When pandering goes wrong: A cautionary tale for Roy Blunt

04 Saturday Apr 2015

Posted by Michael Bersin in Uncategorized

≈ 1 Comment

Tags

discrimination, Indiana, missouri, Religious liberty, Roy Blunt

I can’t help but be amused by Indiana’s experience with what, up to this time, has been a tried and true pander sure to reap positive results. What I’m talking about is the controversy over the state’s “religious liberty” law. When things didn’t go as expected with this effort to institutionalize discrimination under the rubric of religion, the poor schmuck of a governor, Republican Mike Pence, caught between an elderly, Christian fundamentalist rock and a corporate hard place, didn’t know which way to turn. As Paul Waldman noted in The Washington Post, Pence and the bevy of GOP movers and shakers who thought it was a sure winner to line up behind Indiana’s effort to okay discrimination, were “surprised by just how many directions that criticism came from, with everyone from business leaders to religious groups making their opposition clear.”

After all, for several years hardline conservatives have assumed with some justification that the way to impinge on the rights of groups or individuals they find unsympathetic is to assert a “competing right,” no matter how silly or unfounded. In this particular case, there’s a special helping of deja vu for many of us: “religious freedom” was, of course, invoked by many in the 1950s and 60s to justify discrimination against African-Americans. However, as E. J. Dionne observed:

Religious-liberty exceptions that have been carefully thought through make good sense. They involve balancing when it is appropriate to exempt religious people from laws of general application and when it isn’t. But turning religious liberty into a sweeping slogan that can be invoked to resist any social change that some group of Americans doesn’t like will create a backlash against all efforts at accommodating religion. Forgive me, but this is bad for the brand of religious liberty.

And maybe that is what is finally happening. In spite of the potentially negative consequences that Dionne suggests, after years of having exaggerated and spurious claims of religious victimhood treated as serious by a compliant media, it is both surprising and gratifying to witness the backlash to this particular instance of the religious right’s faux poor me whining. It’s fun to see those political friends of big business, often euphemistically referred to as GOP “moderates,” most of whom have rather obviously been playing the God game for political purposes only, suddenly try to back off the right to discriminate ledge without alienating those on the religious right who won’t vote for anyone who doesn’t leap.

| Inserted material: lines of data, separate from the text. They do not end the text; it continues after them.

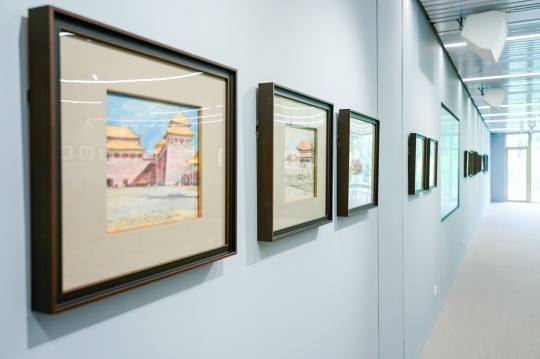 宗其香個展在凹凸空間開幕，一次對“老北京”風(fēng)景的回顧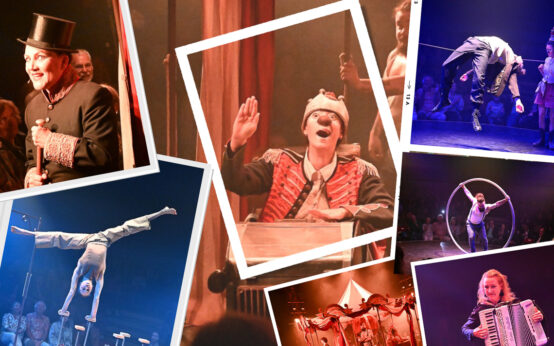 Bildergalerie vom Premierenabend Cirque Bouffon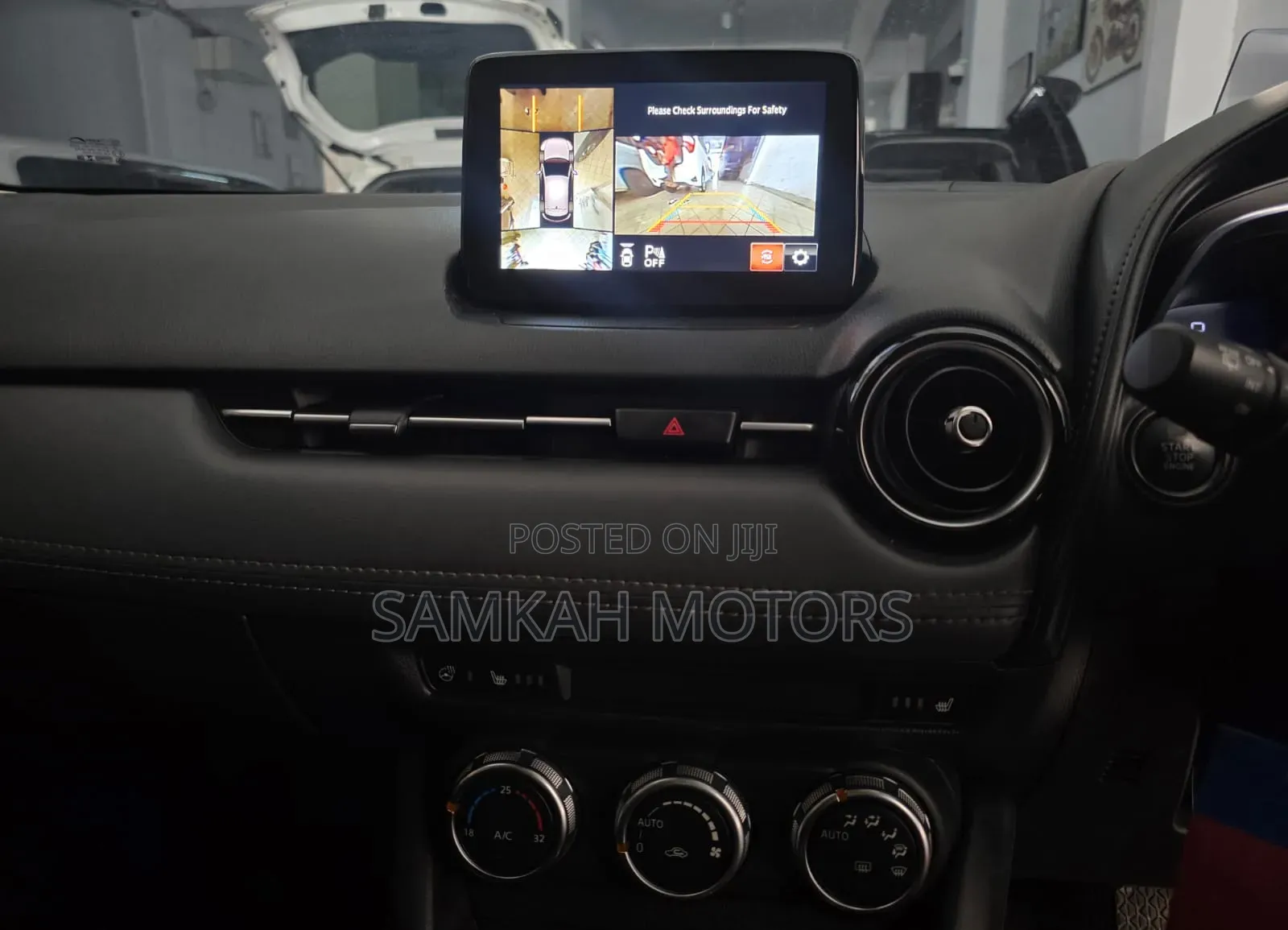 Mazda CX-3 2017 White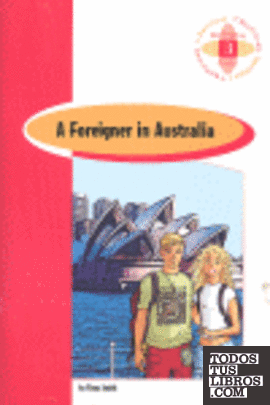 A foreigner in australia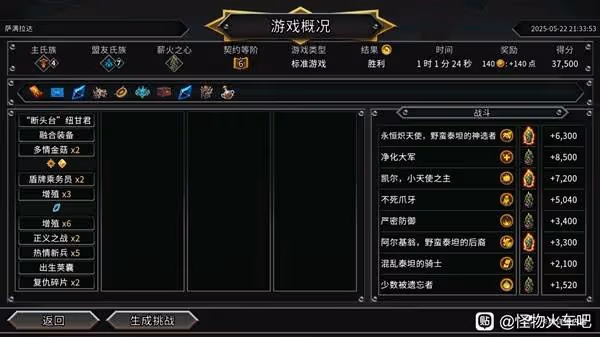 《怪物火車2》蘑菇人公式化通關攻略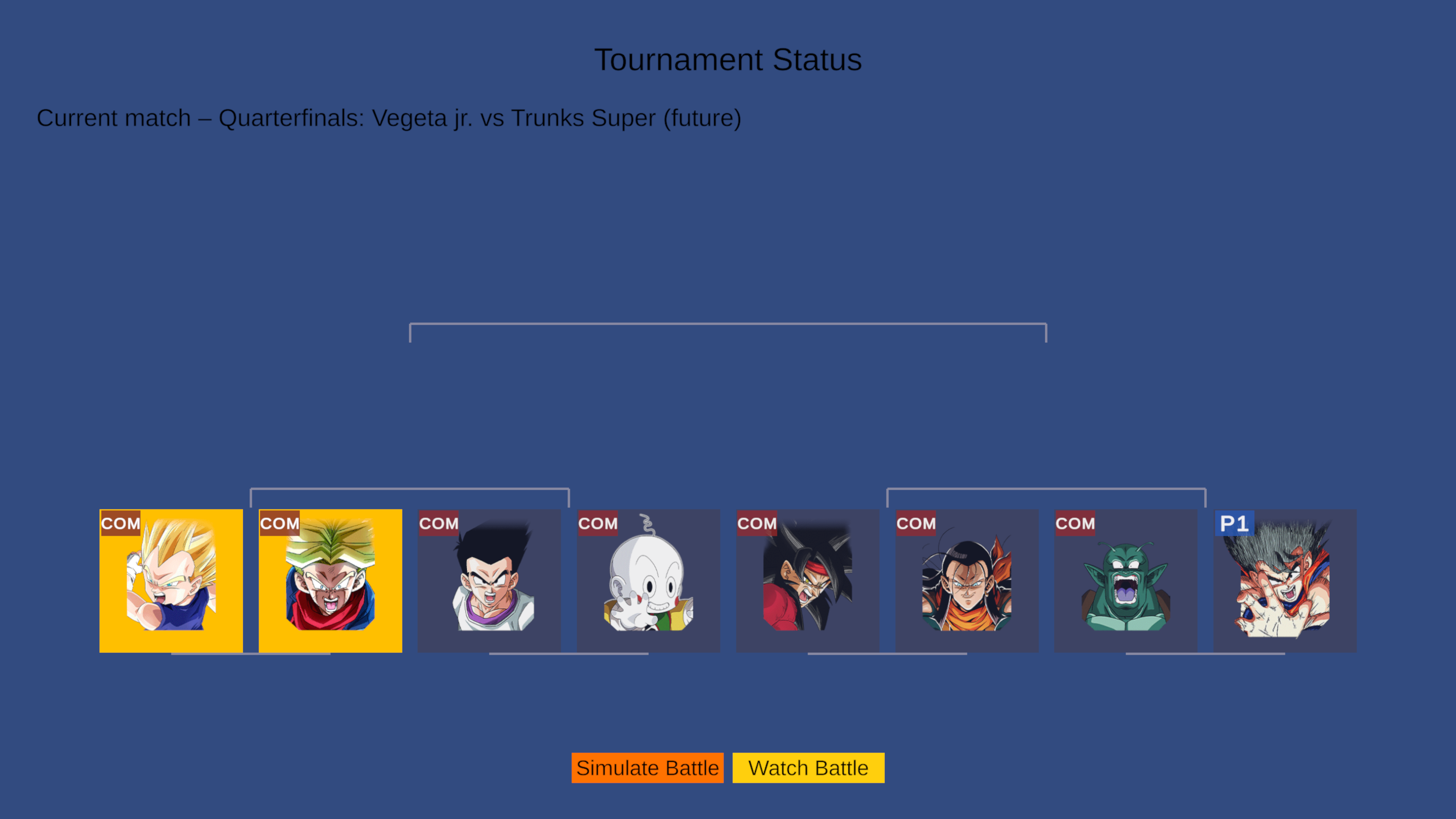Screenshot 7 for Dragon Ball: Legendary Tactical Warriors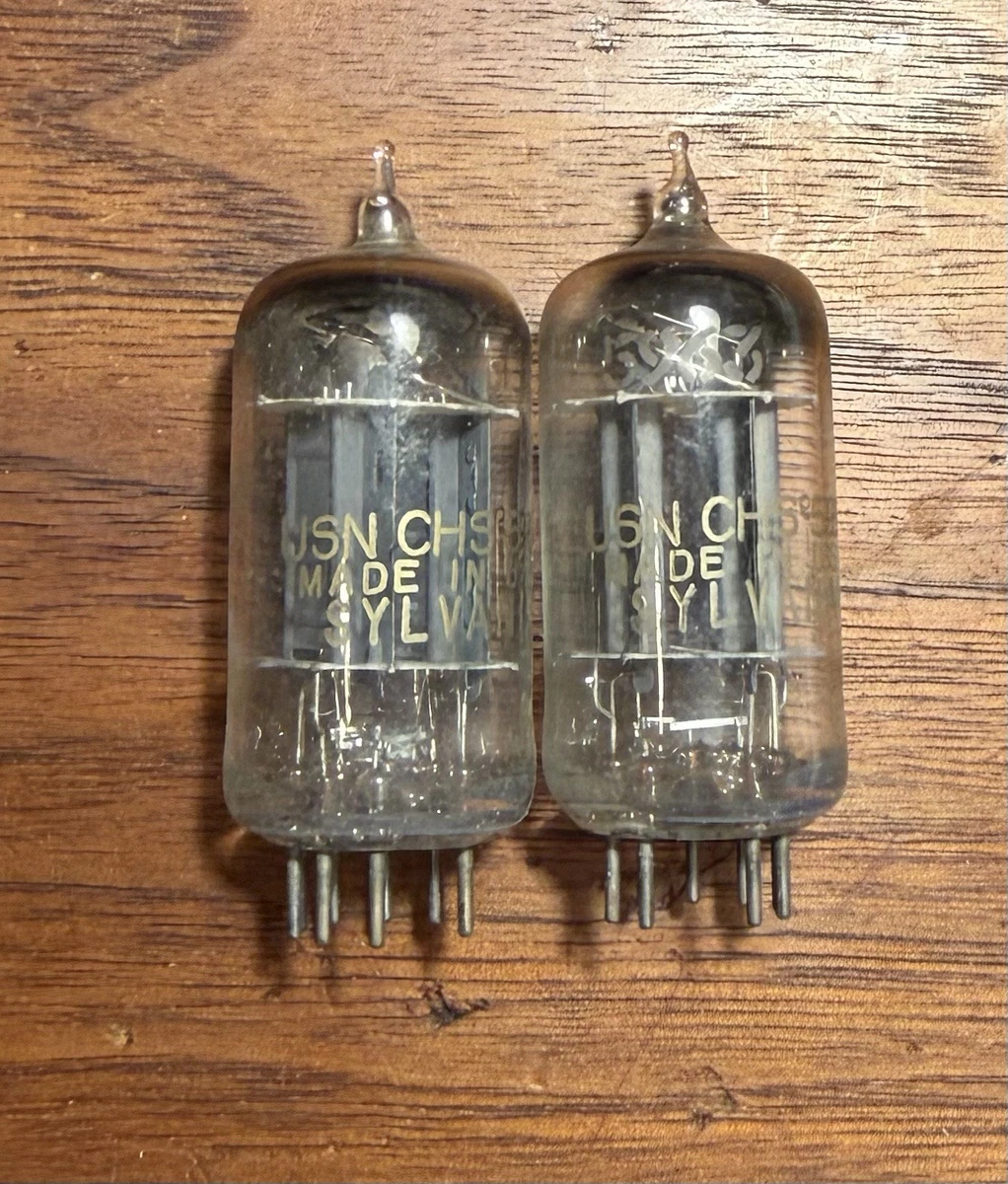 25+ SYLVANIA Vintage 12Au7s Sockets for sale | Updated Oct 2026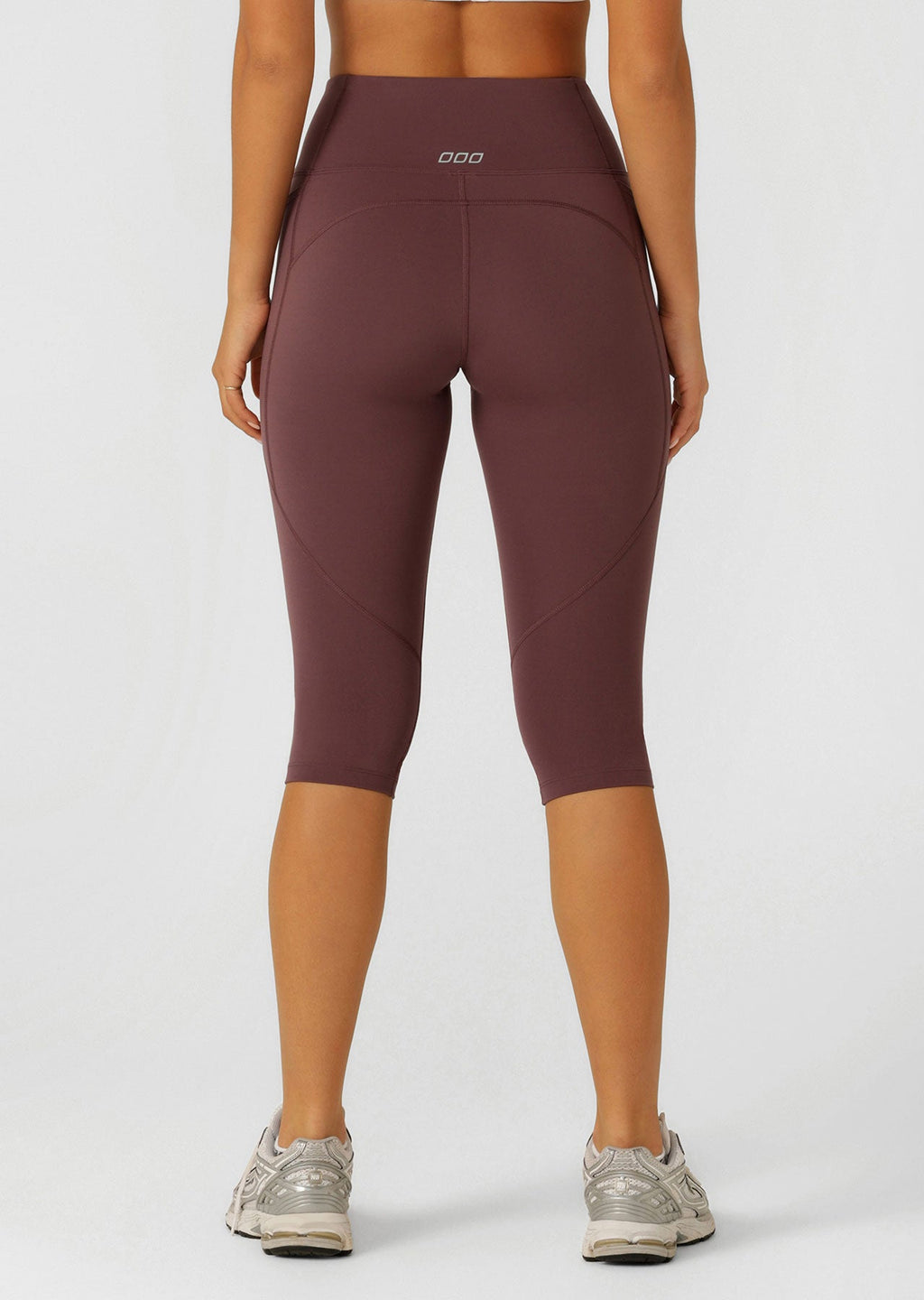 Amy No Ride Phone Pocket 3/4 Leggings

Which brings me to Roy Blunt, one of the very best friend of big business . Blunt, who is, I have to admit, a little too rational to completely satisfy the true, hardcore, Missouri rightwing, seems to have thought that he had a real winner with this religious liberty schtick, a way to burnish his conservative bona fides without actually hurting any of his real constituents – you know, Monsanto, AT&T, Big Oil, etc. If the well-being of corporations is his main job, religious liberty has become his hobby. A few of the high points of Blunt’s religious liberty preoccupation:

–In 2012 he introduced the Blunt amendment which would “have given unprecedented discretion to any employer or insurance plan, whether or not religious, to exclude coverage for critical health care services on the basis of undefined “moral convictions.” As Think Progress noted:

Among those with the greatest to lose from proposals like the Blunt Amendment is the lesbian, gay, bisexual, and transgender (LGBT) community. Broad and unfettered language of the kind advanced by Sen. Roy Blunt (R-MO) would grant insurers and employers the right to deny coverage for nearly any service provided to LGBT patients.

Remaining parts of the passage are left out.